How should we compute post scores?

In theory, the idea of using an algorithm like (upvotes+1)/(upvotes+downvotes+2) is good specifically for sorting, for the reasons you mentioned. But it comes with complications. If we display the number next to each post, we’ll need to have a very visible link right there in the UI to tell people what that number means, since it’s not a trivial simple operation like (upvotes)-(downvotes). We’ll also need to have a nice title for it (e.g. reddit assigns each post, if I’m not mistaken, a ‘score’ and ‘percentage positive’, both of which are self-explanatory and don’t sound like technical terminology). But if we don’t display the number and only apply the algorithm in the back-end processing, people will wonder how the posts are sorted, and it may appear somewhat random.

Also, we need to make sure we have some number which we’re showing users, and ideally it should be a nice round number.
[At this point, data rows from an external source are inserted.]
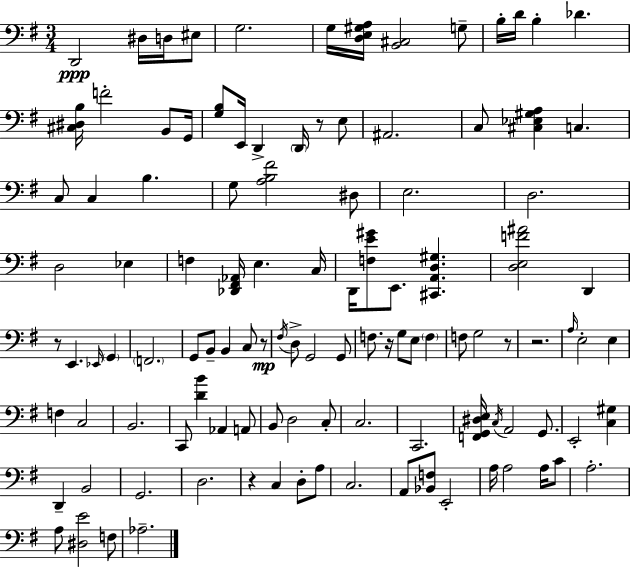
{
  \clef bass
  \numericTimeSignature
  \time 3/4
  \key g \major
  d,2\ppp dis16 d16 eis8 | g2. | g16 <d e gis a>16 <b, cis>2 g8-- | b16-. d'16 b4-. des'4. | \break <cis dis b>16 f'2-. b,8 g,16 | <g b>8 e,16 d,4-> \parenthesize d,16 r8 e8 | ais,2. | c8 <cis ees gis a>4 c4. | \break c8 c4 b4. | g8 <a b fis'>2 dis8 | e2. | d2. | \break d2 ees4 | f4 <des, fis, aes,>16 e4. c16 | d,16 <f e' gis'>8 e,8. <cis, a, d gis>4. | <d e f' ais'>2 d,4 | \break r8 e,4. \grace { ees,16 } \parenthesize g,4 | \parenthesize f,2. | g,8 b,8-- b,4 c8 r8\mp | \acciaccatura { fis16 } d8-> g,2 | \break g,8 f8. r16 g8 e8 \parenthesize f4 | f8 g2 | r8 r2. | \grace { a16 } e2-. e4 | \break f4 c2 | b,2. | c,8 <d' b'>4 aes,4 | a,8 b,8 d2 | \break c8-. c2. | c,2. | <f, g, dis e>16 \acciaccatura { c16 } a,2 | g,8. e,2-. | \break <c gis>4 d,4-- b,2 | g,2. | d2. | r4 c4 | \break d8-. a8 c2. | a,8 <bes, f>8 e,2-. | a16 a2 | a16 c'8 a2.-. | \break a8 <dis e'>2 | f8 aes2.-- | \bar "|."
}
I’m in favor of allowing access to the number of upvotes and downvotes irrespective of reputation (although I think SE says it slows their databases); they can be hidden, such that you need to click some button to fetch those raw numbers.

1 Like

Really quite simple. We don’t need to show the algorithm-generated number. Show Up & Down votes (why SE hides that until you have a lot of rep is beyond me, but I digress). The only place this matters is when sorting of answers. So where you can select the sort order - in SE this is: “active”, “oldest”, “votes”:

  • instead of “votes” make it “weighted score”
  • mouseover of “weighted score” can give a very short description
  • Put a little “?”/“Help” thing next to “weighted score” and provide the full algorithm & explanation on the help page.
4 Likes

It means that we should not trust the mathematical rigour of the underlying algorithm. It doesn’t give the subjective choices a good objective foundation and we should be aware of that (that the choices remain subjective).

Sure you can make a post with 16+/2- equal in order/ranking to 7+/0- (and thus weigh downvotes much more heavily). But that has little to do with 0.182 being a reasonable boundary/center for a 95% confidence interval estimate of a frequency for downvotes for both these posts (or 0.818 for upvotes as celtschk computed).
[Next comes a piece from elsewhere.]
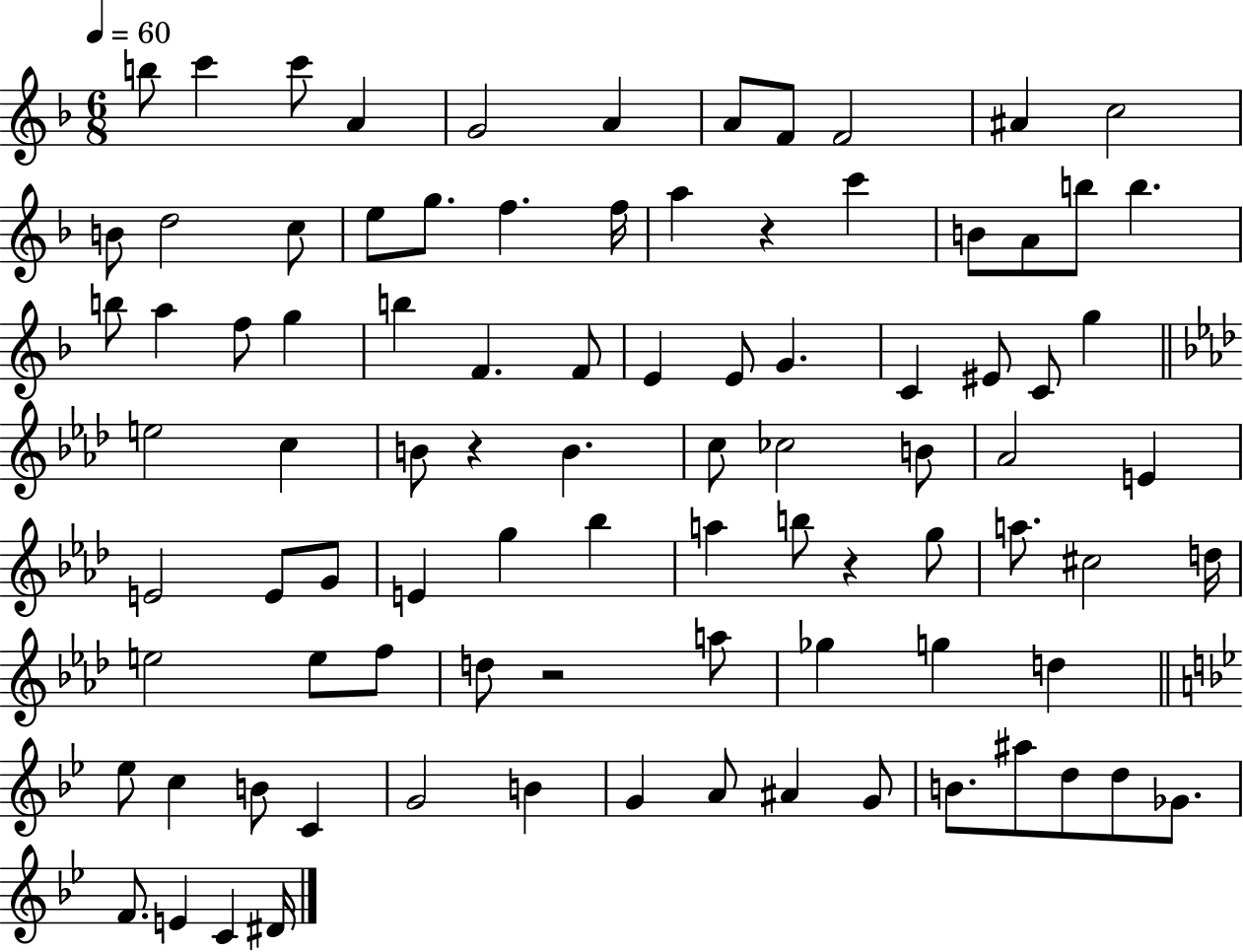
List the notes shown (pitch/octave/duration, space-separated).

B5/e C6/q C6/e A4/q G4/h A4/q A4/e F4/e F4/h A#4/q C5/h B4/e D5/h C5/e E5/e G5/e. F5/q. F5/s A5/q R/q C6/q B4/e A4/e B5/e B5/q. B5/e A5/q F5/e G5/q B5/q F4/q. F4/e E4/q E4/e G4/q. C4/q EIS4/e C4/e G5/q E5/h C5/q B4/e R/q B4/q. C5/e CES5/h B4/e Ab4/h E4/q E4/h E4/e G4/e E4/q G5/q Bb5/q A5/q B5/e R/q G5/e A5/e. C#5/h D5/s E5/h E5/e F5/e D5/e R/h A5/e Gb5/q G5/q D5/q Eb5/e C5/q B4/e C4/q G4/h B4/q G4/q A4/e A#4/q G4/e B4/e. A#5/e D5/e D5/e Gb4/e. F4/e. E4/q C4/q D#4/s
It is only a good estimate for independent votes with a constant frequency/probability of downvotes per vote. But most importantly, it is answering a different question and is sort of abused as a measure for a ranking.


My answer to “How should we compute post scores?” is “we shouldn’t”.

But then I would have to say that I am anyway not a fan of the scoring and gamification mechanism. If I would be forced to come up with a solution then I would make much more and larger changes.

  • I would make the voting much less visible (such that it doesn’t influence other votes which is clearly happening) and one can only see the vote that one has given themselves.
  • Idealy, I would not show numbers but something like classes. Like gold silver bronze as in wine tastings where multiple answers/questions can win the prize (and non-classified when there are not enough votes; like imdb does when there are insufficient ratings for movies).
  • and I would base it on some more advanced algorithm (incorporating who votes) or else I would make it like some promotion/degradation system where people vote for promotion/degradation in a similar way as they vote for closing/reopen.
  • also, we would need to get rid of the term ‘vote’. Pressing the +1 or -1 has little to do with ‘voting’.
2 Likes

SE doesn’t show everyone separate vote counts by default because apparently the query is expensive (https://meta.stackexchange.com/a/1007 and https://meta.stackexchange.com/a/69854). I’m worried that the system we’re looking at is going to be way more expensive and slow once we have a large repository of posts.

The schema will likely include total up, down and net/Wilson/etc in the posts table so that the votes table won’t be queried for a standard display page.

1 Like

Currently the SE site already has the total score separately in the question table (no query of the large votes table is neccesary). As Manassehkatz says they would only need to add total number of votes (or up/down votes).

An interesting detail is that SE/SO is aware of such solution. They are either too lazy to follow up on it (although meta has bigger/deeper issues than SE/SO being lazy to respond to it) or they do not want to because they do not care to improve the user experience, or maybe they have other unofficial/non-stated reasons.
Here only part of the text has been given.